Exercise brief
Down to the last line below, write out every line exactly, starting with the one that contains "Skinny Pantalon de" and leaving out the pictures.

**** Supplied material ****

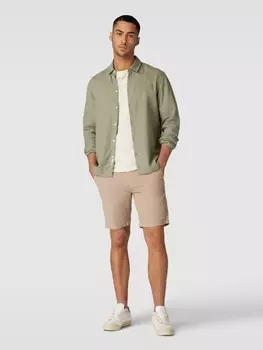 Шорты-бермуды с тканевым поясом Jack & Jones, бежевый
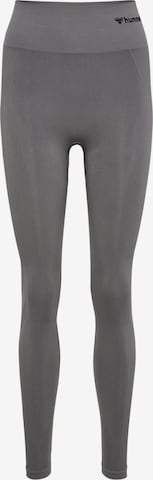 Skinny Pantalon de sport 'Tif' Hummel en gris : devant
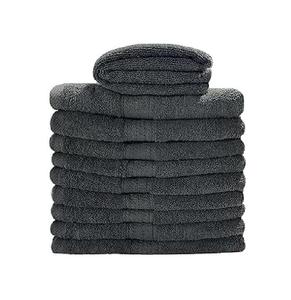 Toalla Facial de Algodón Gris Premium, Toalla para el Cabello de Secado Rápido, Toalla de Mano Suave de Punto para Baño, Uso en Hoteles, Spas y Gimnasios, 35x75 cm - Product Image 1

****

Result for this task
 Skinny Pantalon de sport 'Tif' Hummel en gris : devant
 Toalla Facial de Algodón Gris Premium, Toalla para el Cabello de Secado Rápido, Toalla de Mano Suave de Punto para Baño, Uso en Hoteles, Spas y Gimnasios, 35x75 cm - Product Image 1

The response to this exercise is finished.